Learning

One, two, three...four instructors, I make five. Four level threes, one level one, and a level six. Another day without work. What’s that, a split!? A return!? A panic ensues. “Hey Tyler, why don’t you go chat with our level one.”

“Sure thing Brian.”

My heart races as I scramble to compile an entire days plan with just a few moments of steps.

“How’s it going, I’m Tyler.”

“Hi Tyler, I’m Karen.”

“First day on a board?”

“No, I’ve been two other times.”

“Awesome! Are you comfortable with your heel edge?”

“Yes.”

“How about your toe?”

“Not so much.”

“Well then, we’ll make that our goal.”

“Shall we?”

Just a few yards from the group, we settle on a small, but empty hill. We start with one foot strapped in and then progress to the not so magic carpet.
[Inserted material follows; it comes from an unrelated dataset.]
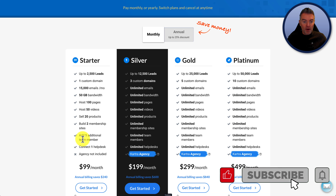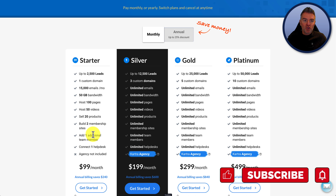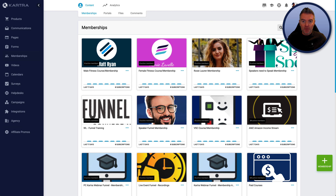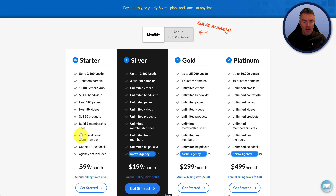You're also allowed to have one additional team member — someone else who can log in with a different username and password and access your account. If we go to my own account at the top right, you'll see it says team members. You're able to add someone like a freelancer, and they can access only the parts that you allow them to. It's a good system, but you can only have one on the starter plan. That's where the silver may be better if you've got more than one team member.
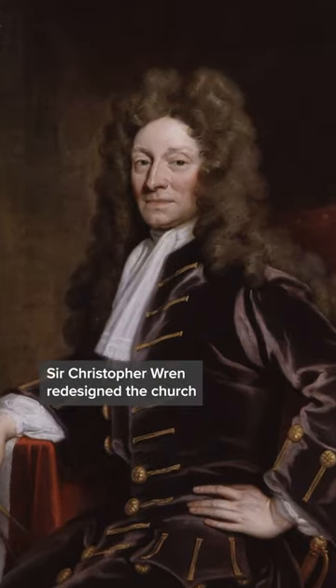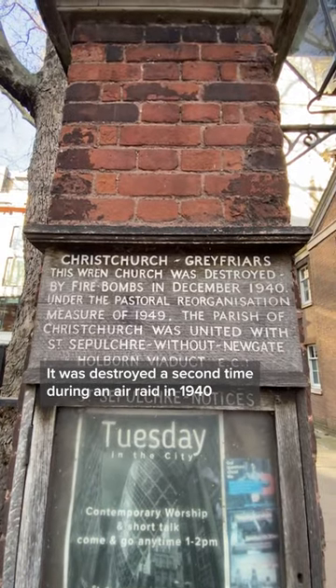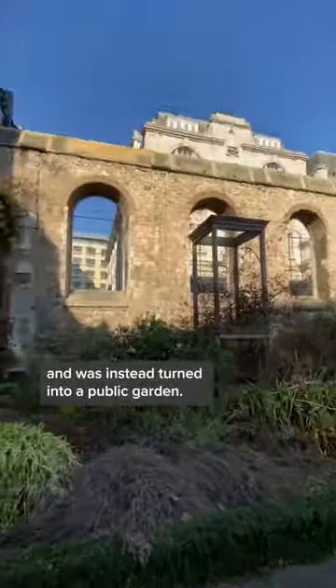Sir Christopher Wren redesigned the church, with the work being completed in 1704. It was destroyed a second time during an air raid in 1940, where 8 of Wren's churches were firebombed in one night on what would be one of the worst attacks on London in World War 2. After the war, the church was never rebuilt and was instead turned into a public garden.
It’s 10:30 am, and the morning sun shines bright on the adjacent peaks as I fantasize about having my camera.

“Okay, now, be sure to look up hill before you go, and always remember to stop with that heel edge if you start feeling out of control.” I say to Karen, as we begin our first run.

The slope is short, only about one hundred feet or so, and after a few heelside runs, we’re ready for the adjacent lift.

“Remember to keep your weight balanced over the board, and control your direction by applying pressure to your front knee.”

“That’s it! Great job! Now try standing up a little taller”.

I check my phone, it’s only 11:15.

“Hey Karen, how ‘bout a short water break?”

“Sounds good”.

On my way through the village I’m struck by a butte bathed in sunlight. A snowy path in the foreground and a dramatic range behind. Back to the hill I go.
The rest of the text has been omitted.